A shut-off valve stops hot or cold water from travelling to a certain point in a building. Plumbers refer to this valve as a "gate valve" or "globe valve." They consider it "frozen" when it refuses to turn to the left or right with normal hand pressure. Do not try to force the valve, as that could damage the valve and other pipe fittings. Repair the valve as soon as you can to prevent a serious leak. This is an easy maintenance job that involves using a few basic household tools.
Locate the valve that controls the flow of water to the stuck shut-off valve. Turn it to the "off" position. You can shut off hot water at the hot water tank and cold water at the shut-off near the water meter.
Tap on the shutoff valve body with the handle of an adjustable wrench. Try to turn the valve handle clockwise with your hand.
Loosen the packing nut of the shutoff valve with an adjustable wrench. Tighten the nut when it begins to leak water. Try the handle again.
Remove the valve handle. Use a screwdriver to remove the screw that holds the handle in place.
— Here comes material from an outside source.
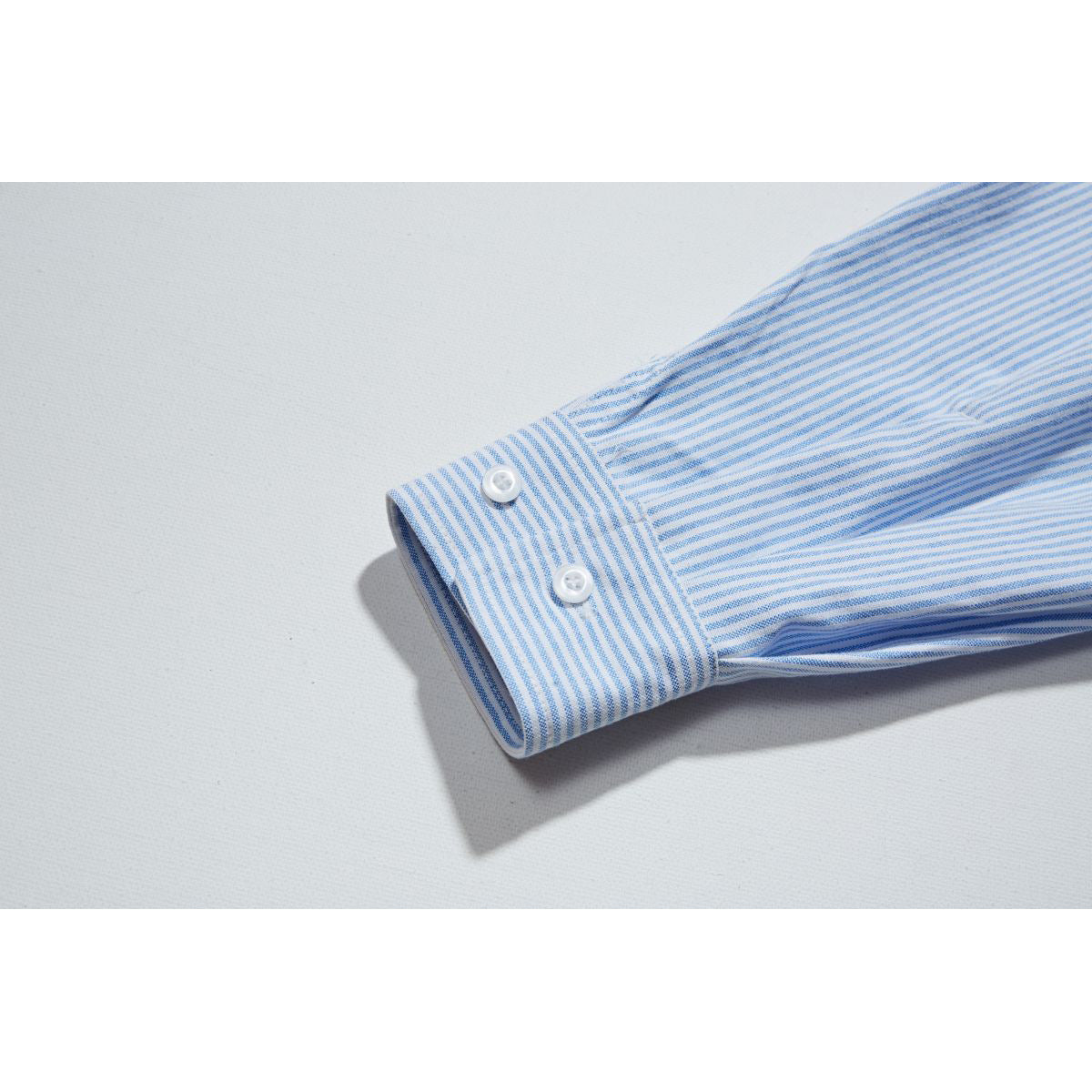 Close-up of a blue-and-white striped shirt sleeve and buttoned cuff.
Lift the handle off and set it aside with the screw.
Soak the groove around the base of the handle stem with penetrating lubricant. Wait 15 minutes for the lubricant to penetrate.
Grasp the handle stem with locking pliers and apply gentle pressure while turning it clockwise. If the handle stem fails to loosen, turn it slightly in the opposite direction. Apply more penetrating oil and repeat the process with the pliers.
Label water pipes and other lines to show what they carry and to which destination.
Be careful when attempting to free a stuck water valve shut-off. Copper pipes and brass fittings may crack or rupture if you strike them with a heavy hammer.